*Task prompt:*
In the entries below, find the line containing "Foxes Rhinestone Knit" and the line containing "Imagen del golpe". Copy those two lines and everything between them exactly, without the pictures.

*Input data:*

· · · · ·

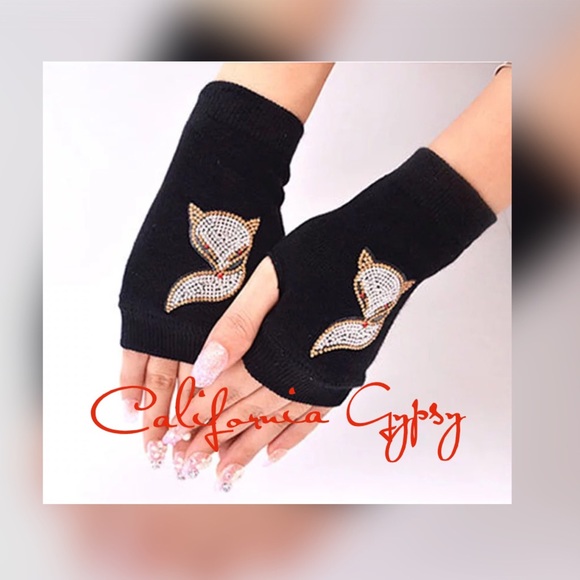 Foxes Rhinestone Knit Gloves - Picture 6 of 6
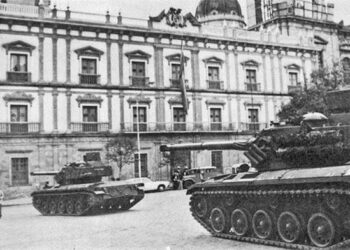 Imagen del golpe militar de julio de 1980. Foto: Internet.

· · · · ·

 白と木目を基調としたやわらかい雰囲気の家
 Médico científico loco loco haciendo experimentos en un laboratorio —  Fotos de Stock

· · · · ·

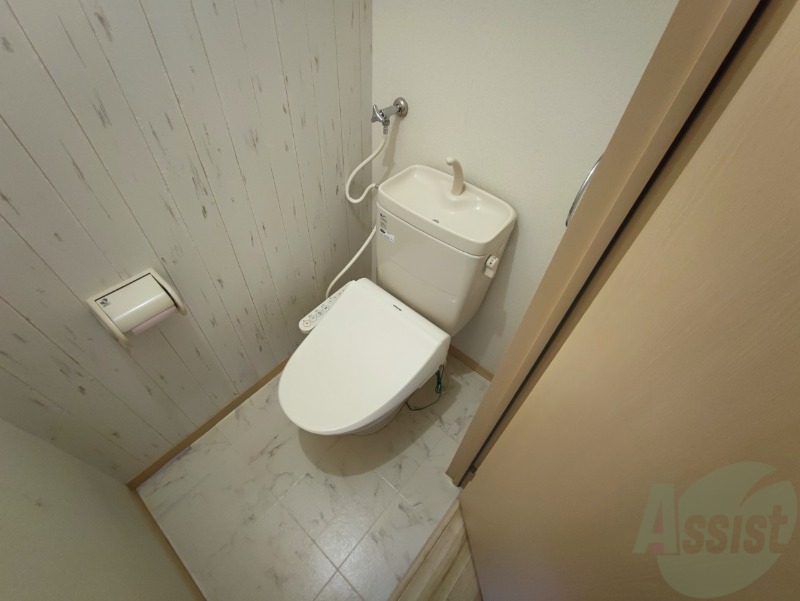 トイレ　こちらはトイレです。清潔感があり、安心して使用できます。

· · · · ·

*Answer:*
 Foxes Rhinestone Knit Gloves - Picture 6 of 6
 Imagen del golpe militar de julio de 1980. Foto: Internet.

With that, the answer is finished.